明治時代初期から真珠貝採取のためにやってきた者を中心に、さとうきび農場での契約労働者として、また、貿易や現地での商売を目的に来た者もいる。出稼ぎ的に来たものがほとんどでも、他の諸国への移民と同様、現地で暮らす中で結婚し、家庭を持ち、やがて子供が生れると徐々に根をおろすようになる。
しかし、戦争によって事態は一変する。在豪のイタリア人やドイツ人も収容されたが、それは拘留が必要とされたものに限ってだったのに対して、日本人は全員収容されることになった。その数は合計4301人で、このうちほかの連合国政府との取り決めによって、ニューカレドニアなど周辺の他地域から移送された収容者も3160人いた。
このなかには台湾人も含まれていた。また、収容された朝鮮人もいた。日本人は、タツラ、ヘイ、ラブデーの3ヵ所に分かれて収容された。
日系のなかにも、両親は日本人だが、オーストラリアで生まれた2世や日本人とオーストラリア人を両親を持つものなど、エスニシティ—(民族性)はさまざまで、収容所内では、オーストラリア生まれの二世と日本人との間や、台湾人と日本人との間で対立が起きたり、台湾人が差別されることがあった。
戦後、収容されていたものは釈放されるが、日本国籍を有するものは日本へ送還されることになる。この結果、家族が離れ離れになるケースもあった。オーストラリア以外から家族と離れて収容されたもののなかには、家族のいる国ではなく、日本に送還されるものもいた。

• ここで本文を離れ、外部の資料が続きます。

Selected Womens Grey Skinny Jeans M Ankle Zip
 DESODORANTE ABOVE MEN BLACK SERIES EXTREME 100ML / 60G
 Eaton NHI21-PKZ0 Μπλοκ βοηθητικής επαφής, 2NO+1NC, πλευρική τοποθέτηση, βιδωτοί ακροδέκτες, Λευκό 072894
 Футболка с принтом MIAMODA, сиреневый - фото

こうした日系人の強制収容の実態を、公的な記録をベースに抑留者の証言によって明らかにすると同時に、オーストラリアで移民であり日系であることの意味を考えさせる本書は、まさに知られざる太平洋戦争の一面をとらえた読み応えのあるノンフィクションでもある。
なお、太平洋戦争をめぐって日本とオーストラリアとの関係を探る本として、永田氏も執筆者として名を連ねる『日本とオーストラリアの太平洋戦争—記憶の国境線を問う』(鎌田真弓編、御茶の水書房、2012年刊)がある。